When a person creates a will, he or she typically names a person who he or she wants to execute the estate. It is the executor’s responsibility to distribute the testator’s assets upon his or her death, and for settling all debts.
The law does not require a person to serve as an executor, even if the will names him or her as one. However, most states require any person who possesses a will to file the document with the local courts. Though each state has its own filing deadline, possessors typically have between 30 days and three months to deposit the will. What happens if the person in possession of the will fails to do so, though?
Penalties for failing to file probate
According to FindLaw, failure to file probate can have serious legal consequences. While choosing not to file probate is not a crime per say, you may subject yourself to civil lawsuits for neglecting your responsibility.
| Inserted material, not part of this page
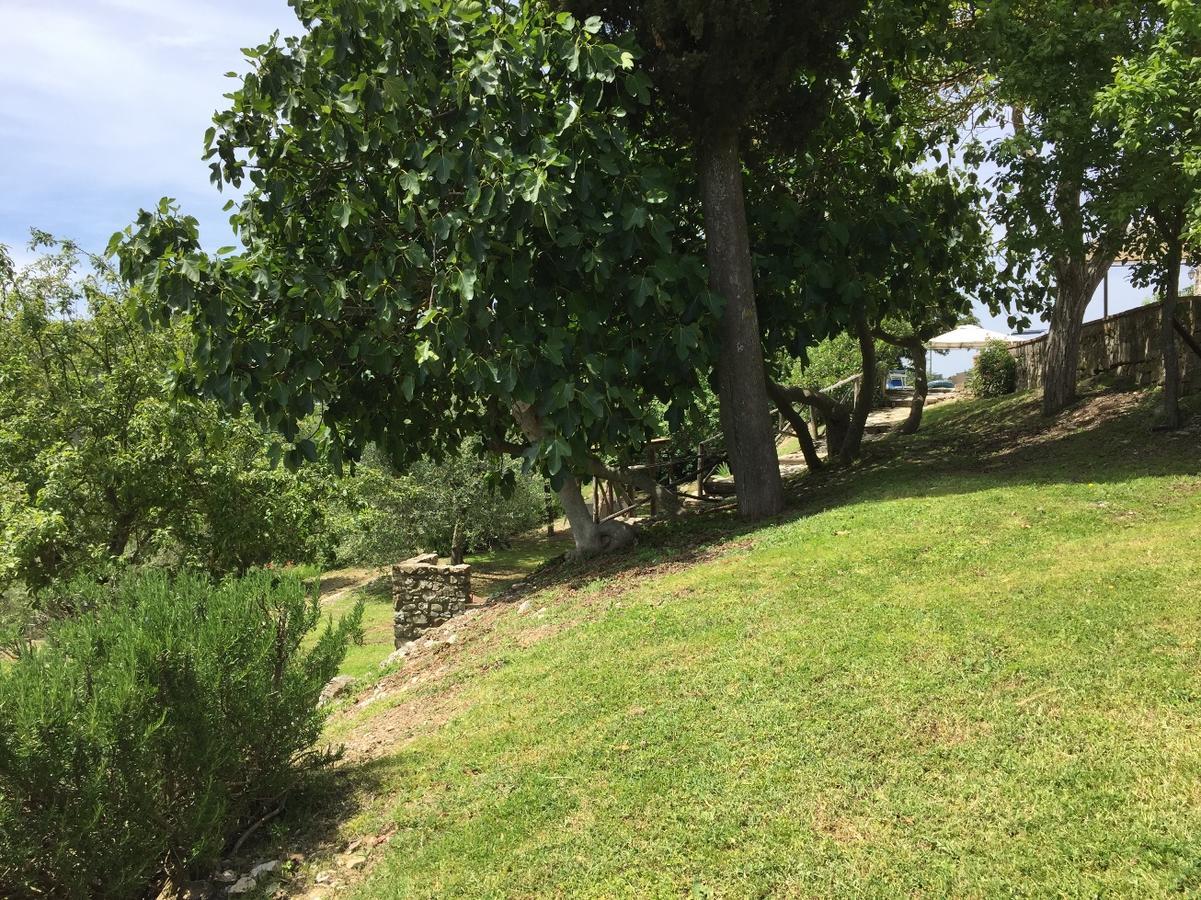 Collelungo Guest House Castellina in Chianti Bagian luar foto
For instance, if your niece stood to gain the family home and considerable cash in probate, she could file a lawsuit for damages.
If you choose not to file probate with the intention of concealing assets for your own financial gain, you may be subject to criminal consequences. For example, say your mother decided to leave her entire estate to a charity. You, wanting to acquire her wealth through intestate succession, choose not to file. This leaves you open to criminal liability.
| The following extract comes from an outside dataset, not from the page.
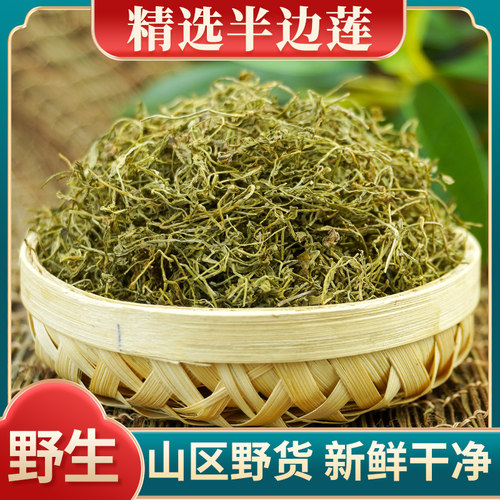 山区野货-新鲜干净-气微特异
Creditors’ claims and insolvencies
Many people have unpaid bills when they pass away. When an estate executor files probate, creditors have up to four months to file a claim against the estate for the amount due. However, when a family chooses not to open probate, creditors have up to one year to claim their money.
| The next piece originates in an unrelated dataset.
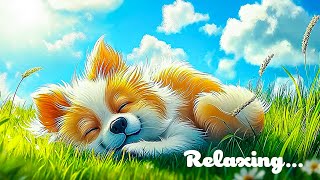 Lofi hip hop mix  Stress Relief Relaxing Music 🍀 beats to sleepstudy [upl. by Rennoc]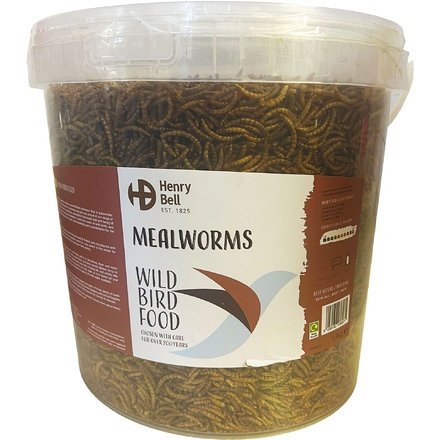 Henry Bell Mealworm Tub 1.5kg - Image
When an estate is insolvent — meaning the deceased owed more than he or she owned — it is not uncommon for the family to file the will and walk away without opening probate. Creditors who choose to file receive parts of the estate in order of priority.
Some people do not have considerable wealth, but they do have one or two prized possessions. For example, your grandfather may have passed away with little to his name save for a classic 1966 Shelby GT350. He may have told you he wanted you to have it, but he did not leave a will expressing this. In this case, you may be able to ask the courts to transfer the title to the property via a process called “transfer by affidavit.” This is a streamlined process that allows heirs to acquire property without opening probate.